Ralphie Boy is partially correct. Most shootings ARE committed by US Citizens. The rest of his post is wrong of course.

The FBI stats clearly show that in US cities with a population over 250,000 in specific zip codes within those cities, the vast majority of gun violence does indeed occur. The FBI stats also clearly reveal that young black and "hispanic" males between the age of 15-35 commit those crimes at a rate that is off the charts high compared to the rest of the population.


----------



## Auntie (Oct 4, 2014)

Ralph Rotten said:


> Notice S-Mart shoppers! The last terrorist action in America was committed by a fat white guy who held siege of a Planned Parenthood clinic.
> Before that we had...how many mass shootings...and those were all...wait for it...natives. Citizens. Remember that couple that went berzerker in Vegas? They were ultra-conservative Christians.
> 
> Joe, it is discrimination when the determination is made based entirely on race or religion. Not only that it's not very Christian. _"What thou dost to the least of my children, thou dost to all of my children"_ I fergit, who said that?
> ...


Prosperous? Then why do we have homeless Veterans, why is the VA Hospital underfunded, why are there hungry children, why are they always threatening to cut Social Security (something earned and paid for not a handout) why is the United States in so much debt?

I have said it before and will say it again, you are acting like a troll.


----------



## jdjones3109 (Oct 28, 2015)

Maine-Marine said:


> There is a major problem when people do not understand the difference between terrorist and a crazy person.


That idiot isn't crazy!
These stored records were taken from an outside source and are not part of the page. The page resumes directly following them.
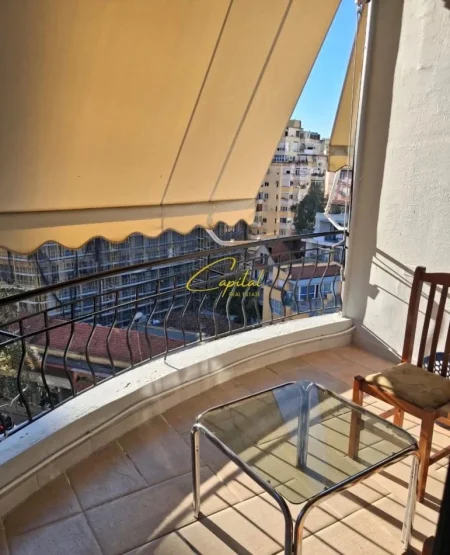 Tirane, jepet me qera apartament 1+1 Kati 7, 55 m² 650 € (SELVIA)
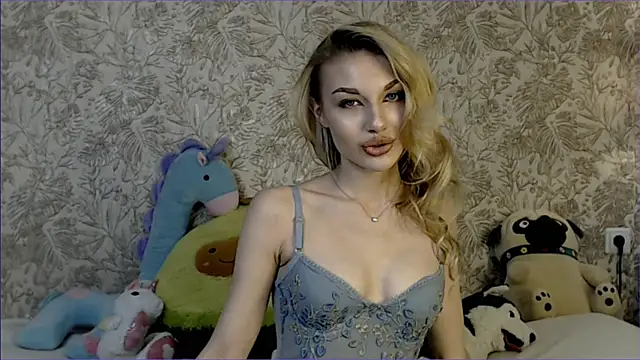 Snapshot of Ella_Milla chatting on October 2025 09:44:01 AM Ella Milla online show from October 2025 09:44:01 AM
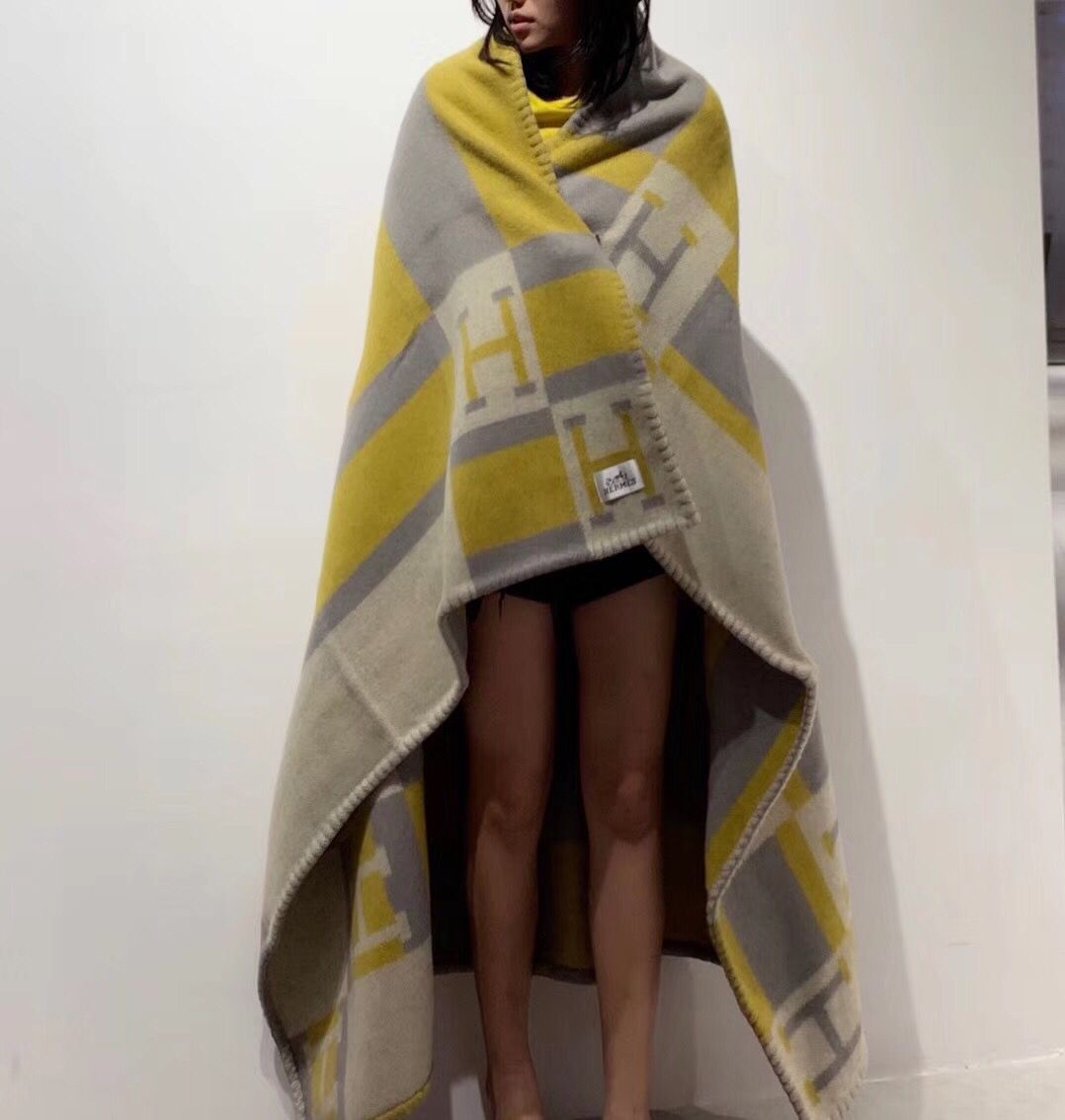 Hermes Jaune Avalon Bayadere Throw Blanket - Image 3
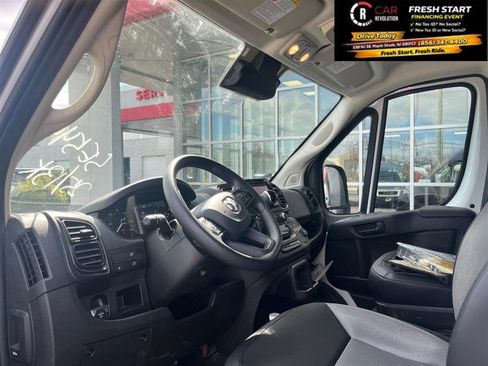 Used 2025 RAM ProMaster 3500 w/ Convenience Group image 13
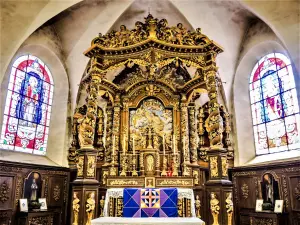 Altar mayor y retablo de la iglesia (© JE)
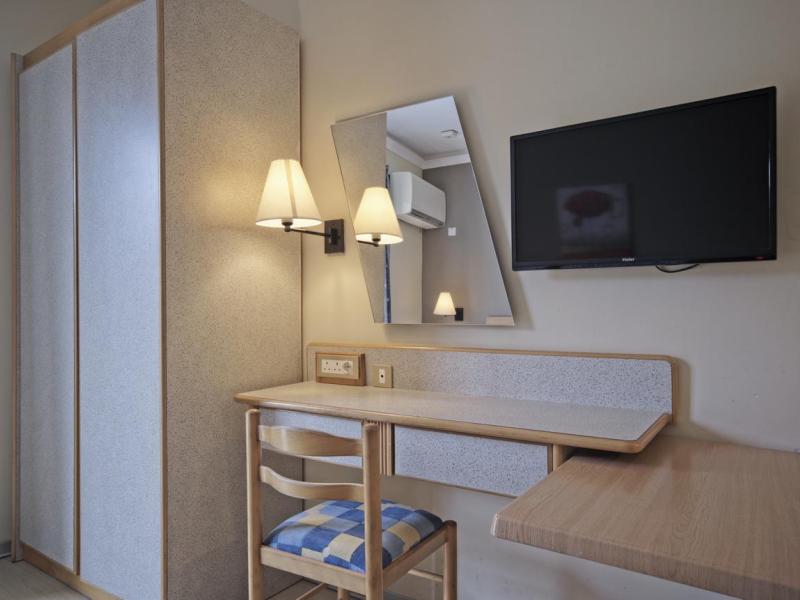 Porto Azzurro Aparthotel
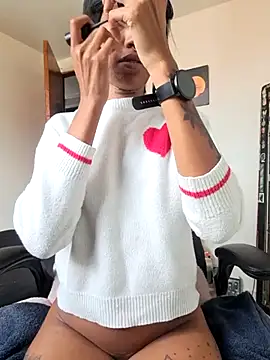 Honey-420- online show from November 30, 2025, 6:56 pm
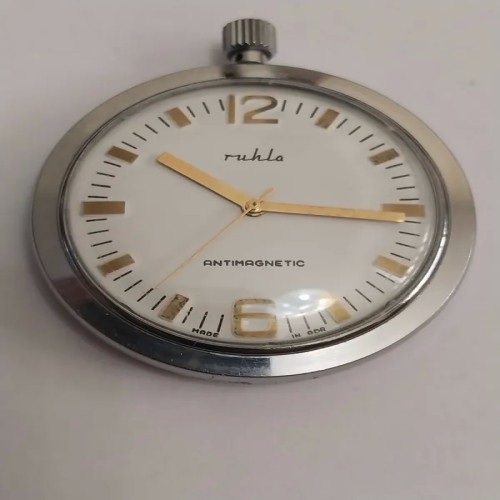 ساعت کوکی آلمانی با طراحی بی‌نظیر و کیفیت عالی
He's an A**hole!


----------



## Real Old Man (Aug 17, 2015)

Maine-Marine said:


> There is a major problem when people do not understand the difference between terrorist and a crazy person.


M&M The folks that have committed these heinous acts are for the most part not crazy. Trust me I worked at the state mental hospital for 9 months and the folks inside on criminal insane aren't. They're just as sane as you or I. Evil - yeah. Nasty - yup. Down right bad news you betcha. but they're not crazy in the least.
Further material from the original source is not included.